The Hoosiers are the Big Ten’s best offensive unit despite having the league’s worst turnover percentage. That’s driven by elite shooting and offensive rebounding. Defensively, Indiana is 12th in points per possession allowed, 13th in opponent free throw rate and 14th in opponent turnover percentage.

The standout on the Rutgers profile is the offensive rebounding. The Scarlet Knights are third in the league in offensive rebounding percentage. Rutgers has the Big Ten’s worst offense at just .82 points per possession. Given that Indiana’s defense has yet to give up fewer than 1.14 points per possession in a league game, it’s worth tracking how much resistance the Hoosiers put up against a mediocre offensive team.

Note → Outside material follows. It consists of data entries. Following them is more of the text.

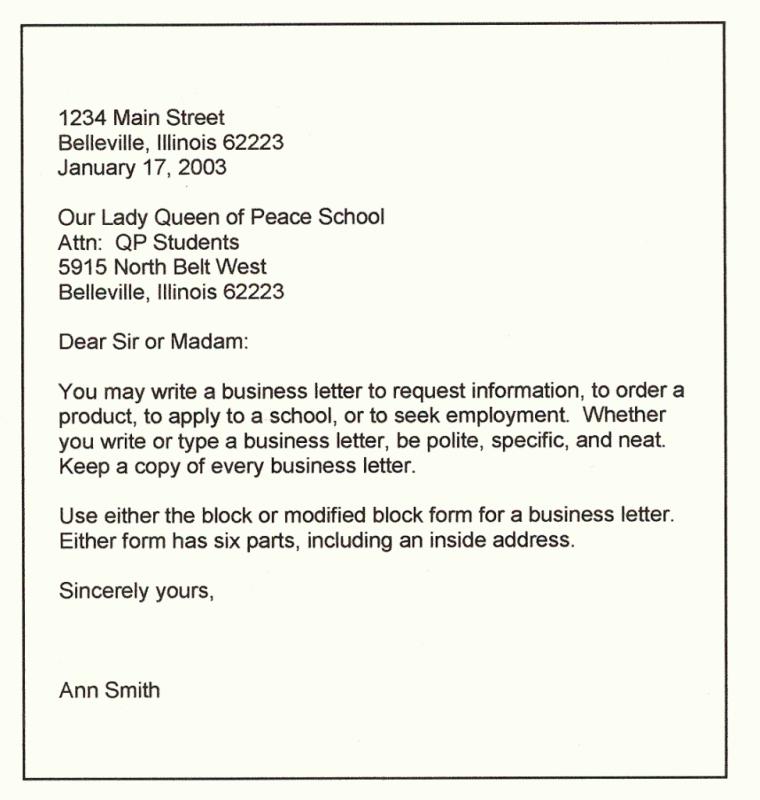 sample formal business letter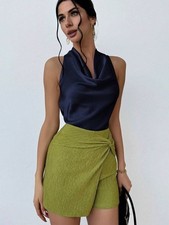 Womens Halter Neck Satin Silk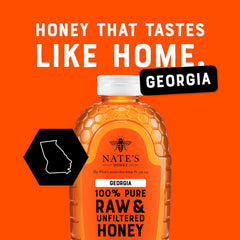 Nate's Honey squeeze top detail for no-stick pouring and easy precise drizzle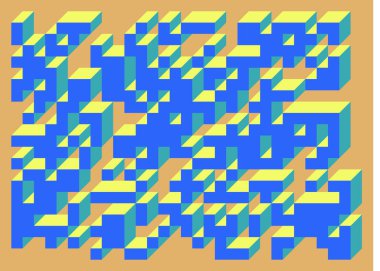 Edward Zajecs 2. Cubo 'nun 1971' deki uygulaması. Esasen 8 taştan oluşan bir Truchet fayans seti ve yerleştirme sanatı illüstrasyonu için kurallar 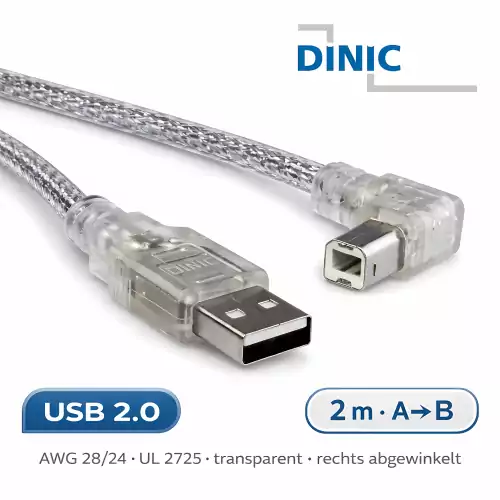 USB 2.0 kabelis A į B, dešiniuoju kampu, skaidrus, AWG 28/24, 2,00 m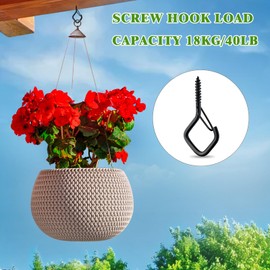 Gucass Pack of 50 Screw Hooks, Stainless Steel, Black Hooks for Screwing with Secure, Hook Screws, Ceiling Hooks for Hanging Pot Plants, Fairy Lights, Wind Chimes and Bird Houses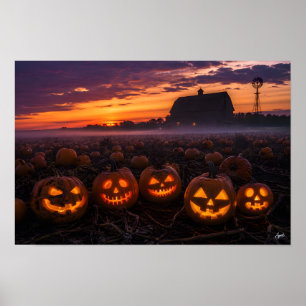 Twilight Pumpkin Patch Panorama Poster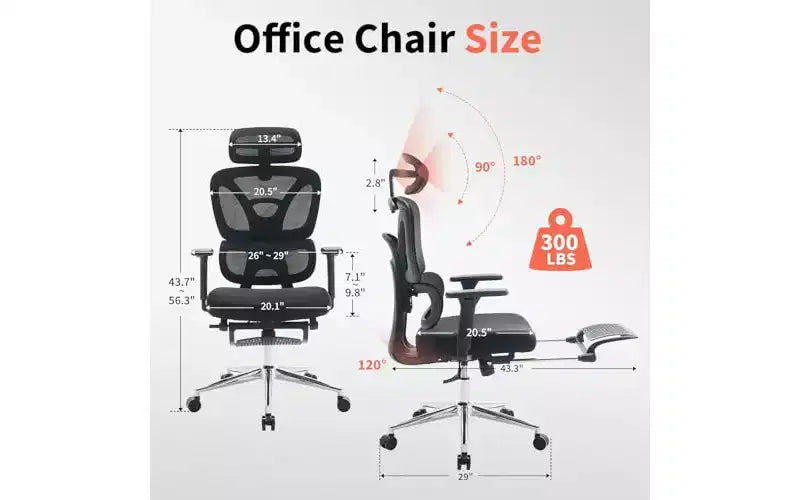 Ergonomic Office Chair - Adjustable Headrest, Lumbar Support & 3D Armrests, Wide Seat Computer Desk Chair for Bedroom, Study & Gaming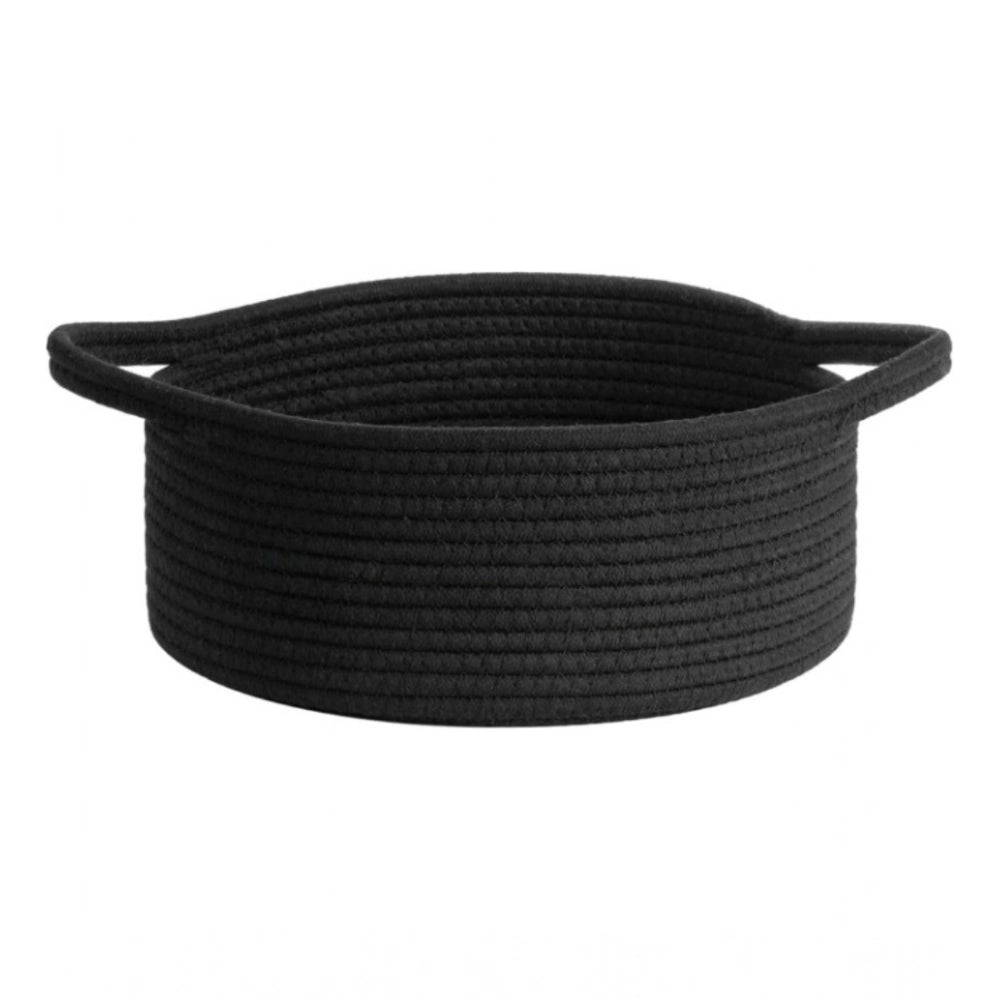 Amfyn Cotton 8x3 Inch Round Bedside Organizer (Black)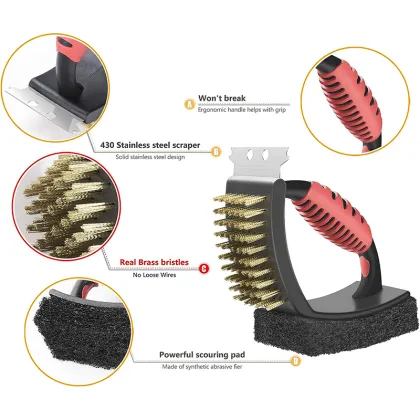 2-in-1 BBQ Grill Brush with Plastic Handle, Black Nylon Bristles and Grill Scraper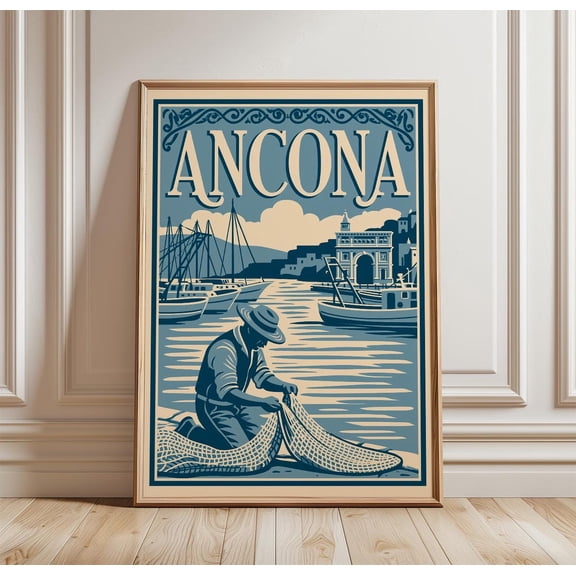 Blue Harbour Vintage Fisherman Art Ancona Paper Print, Unframed Paper Print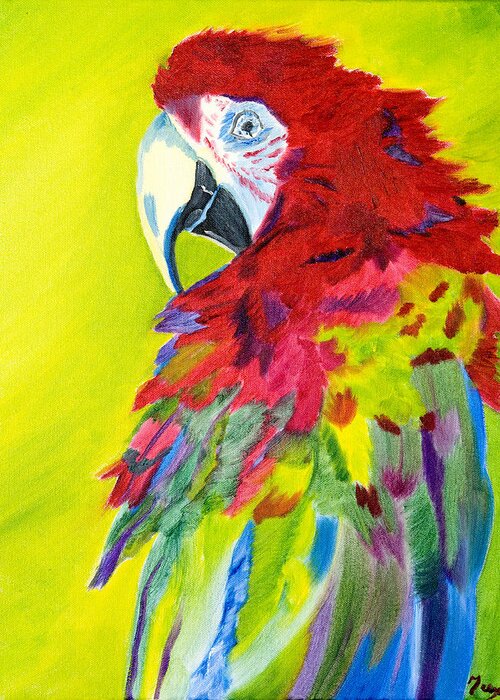 Red Parrot Greeting Card featuring the painting Fiery Feathers by Meryl Goudey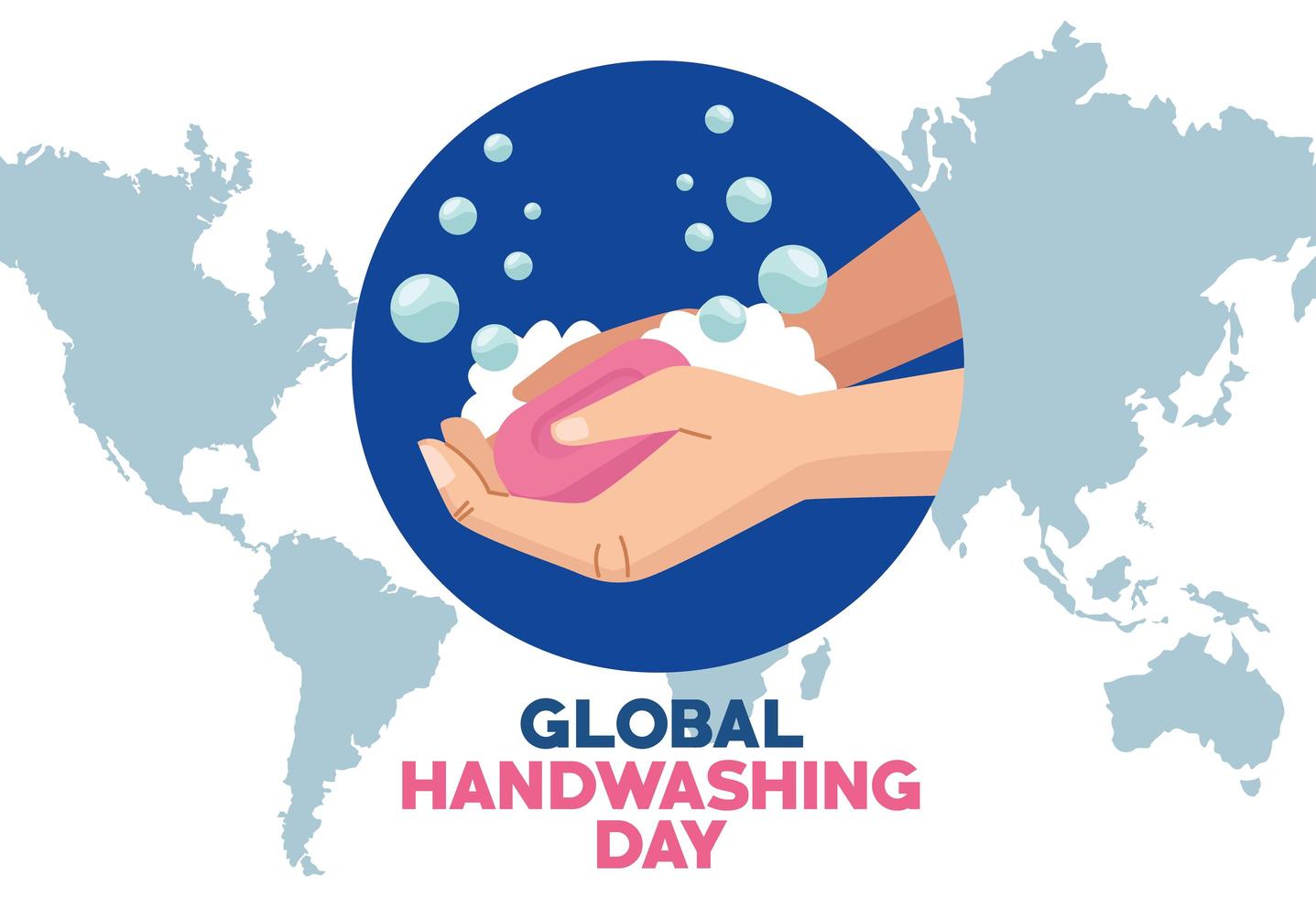campaña del día mundial del lavado de manos con manos y barra de jabón en el planeta tierra vector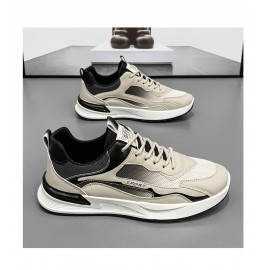 Men's Trendy Color Block Soft Sole Running Shoes, Comfy Non Slip Durable & Breathable Sneakers For Men's Outdoor Activities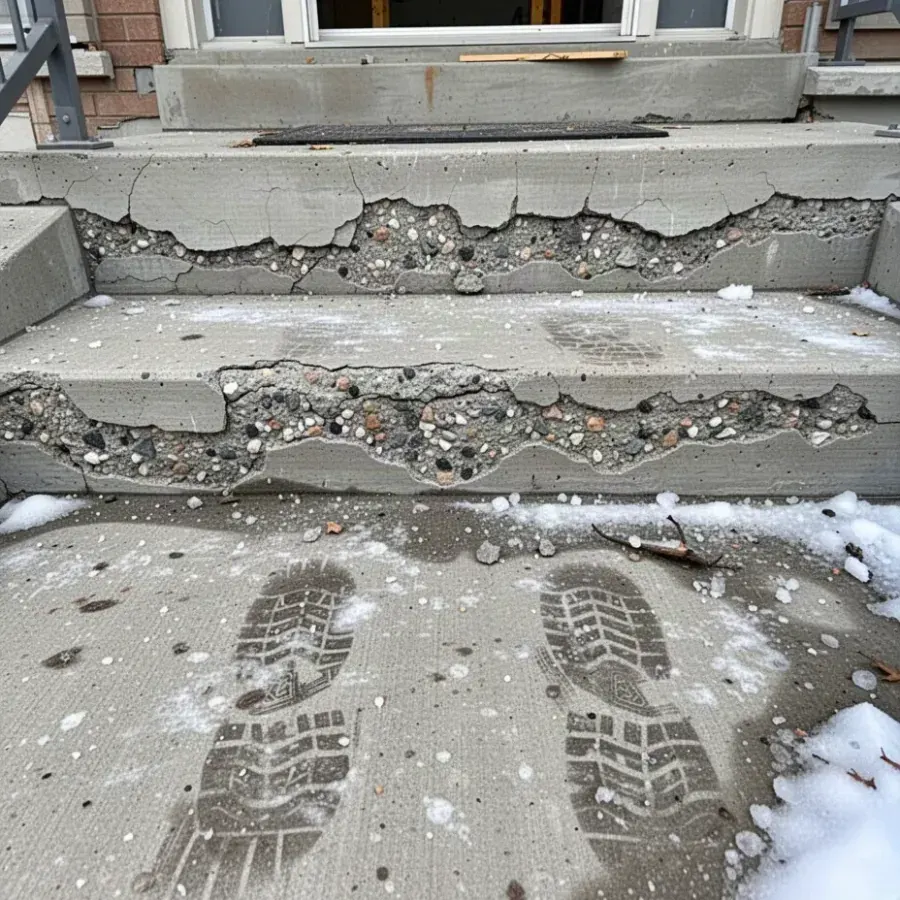 Salt damaged spalling concrete front steps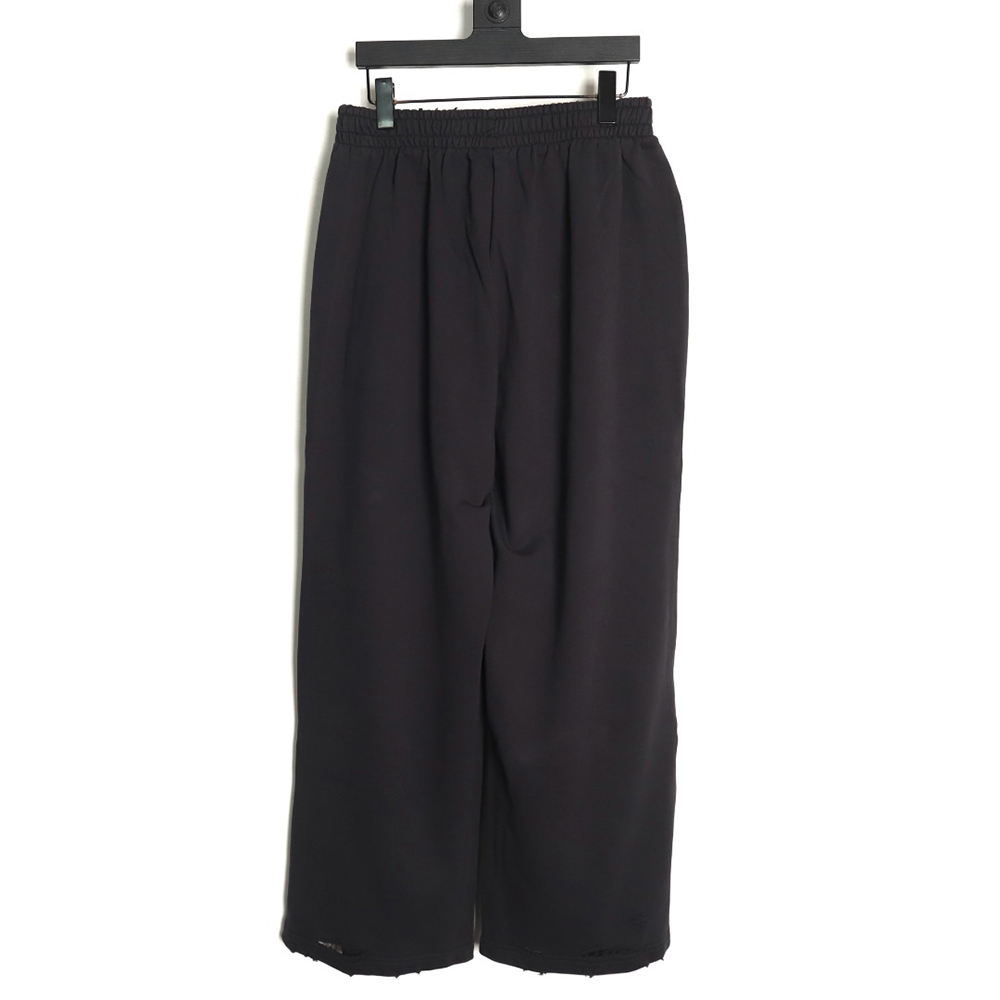Balenciaga Earth pattern print distressed trousers TSK1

Indiana is a 15-point KenPom favorite and a 16-point favorite according to the Sagarin ratings.

It probably goes without saying, but this is a must-win for Indiana. A 1-4 Big Ten start, including three home losses, would be a catastrophe. If you believe in the theory of building momentum going into the next game, the way Indiana plays on Sunday is far more important than just getting a win.

The Hoosiers have a season defining stretch coming after the Rutgers game: at Penn State, Michigan State at home, at Michigan and at Northwestern. Anything less than 2-2 in those games and the prospects for a winning record in the Big Ten begin to look slim. And a subpar performance against Rutgers, even in a win, isn’t a way to springboard the Hoosiers into that stretch with any confidence.

Yes, it’s still early in Big Ten play, but time is running thin on Indiana to turn this season around.